Practice
The mousehole was marked with a yellow ribbon. A space at the bottom of the tree had been cut out of the world. The tree had grown around it, creating a small, visible archway around the empty place.
"Gintas tells me you can see these," said Hal.
It had been three days since they had fought in the clearing. This one was much easier to see than the one Gintas had shown her. She traced the edges of it almost right away, a space where something should have been and now was not. Not dark. Not light. Not colour. Just nothing there at all.
"I’ve never been able to see them," said Hal. "I’m told I wouldn’t fit anyway."
Taliette half-smiled. It was funny thinking of Hal’s massive frame stuck at a corner or a pinch point. Stuck down there forever, unchanging, amongst the threads of the world, like an old grasshopper popped in a matchbox and left in a drawer.
She checked herself. There was something about that thought that wasn't funny, but she couldn't put her finger on what. She laughed anyway.
"I’m going to teach you an unusual fighting style Gintas wants you to practice. He’s got something special in mind. It’s all about mobility and range."

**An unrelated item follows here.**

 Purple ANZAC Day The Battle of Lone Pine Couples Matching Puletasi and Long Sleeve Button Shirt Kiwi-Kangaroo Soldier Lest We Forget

She ran a finger along her bow. She still loved it, even though it was scratched. Apart from her clothes, it was all she owned now. It was everything that she wanted. She drew and held the extension, feeling the stretch between her shoulder blades. The arrow thunked into the trunk of a tree twenty yards away. The barbed, bodkin head lodged deep in the wood.
Hal nodded approvingly. "You shoot well. Better than I would have expected, but we’ve already established, you’re not going to win in a straight-up fight." He held up a hand as she started to interrupt him. "Brilliant as you are. Your enemy will close with you, and you’ll be taken, and that"–he raised an eyebrow–"that would be a real shame."

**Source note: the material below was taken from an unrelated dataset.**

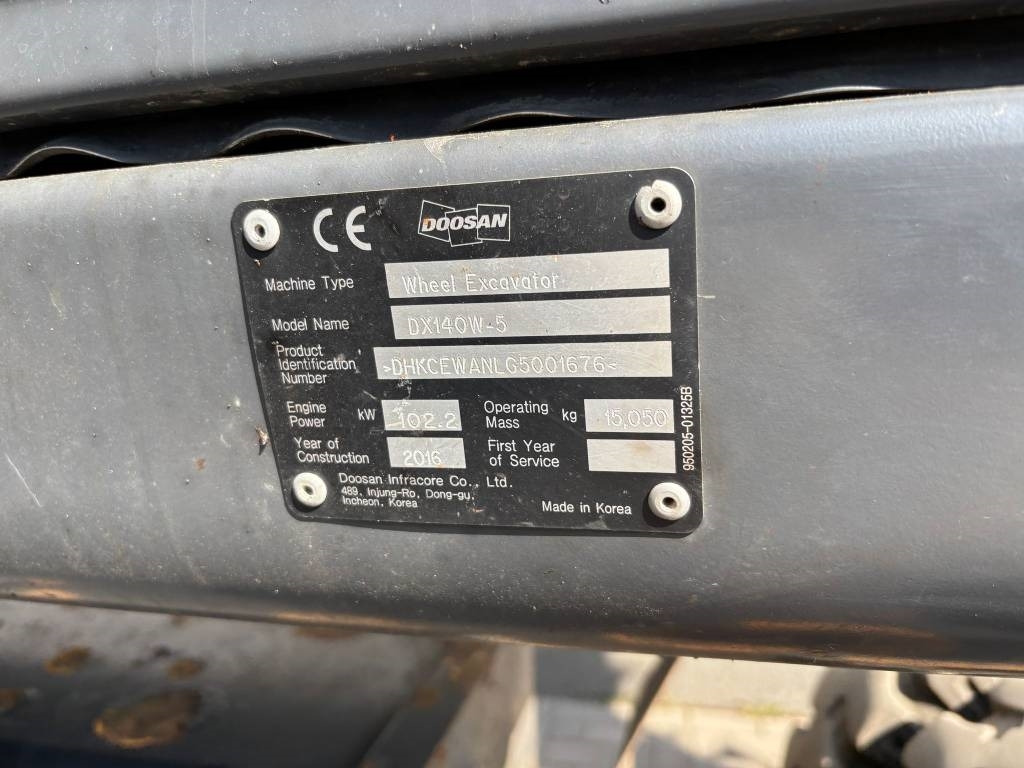 Hjulgravemaskine Doosan DX 140 W-5 (R5 Rototilt): billede 7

"I use the mouseholes to keep range, right?" she said.
He laughed as though taken aback and studied her for a moment. Was that respect he saw in his eyes? No matter.
"As you say," he replied slowly. "With your bow, you have reach, and if you know where all the mouseholes are, you have stealth and mobility. Those two combined make you potentially very dangerous to a naive enemy."
Stolen story; please report.
"So I pop out, kill as many as I can, then move to a new place and do the same thing, until everyone is dead, right? It sounds simple enough."
He shook his head.
"Gintas made a good choice with you. Remember, though, it’s only going to work if you’ve already staked out your positions. You need to think logically about cover and where people will run when you start shooting them. It’s a mental exercise."
They walked together through the woods until they came to another yellow ribbon, tied to the bough of a tree. It took her a while to see the mousehole, and she had to walk in a circle around the place where the ribbon was tied before she spotted it. It was in mid-air, about eight feet from the ground.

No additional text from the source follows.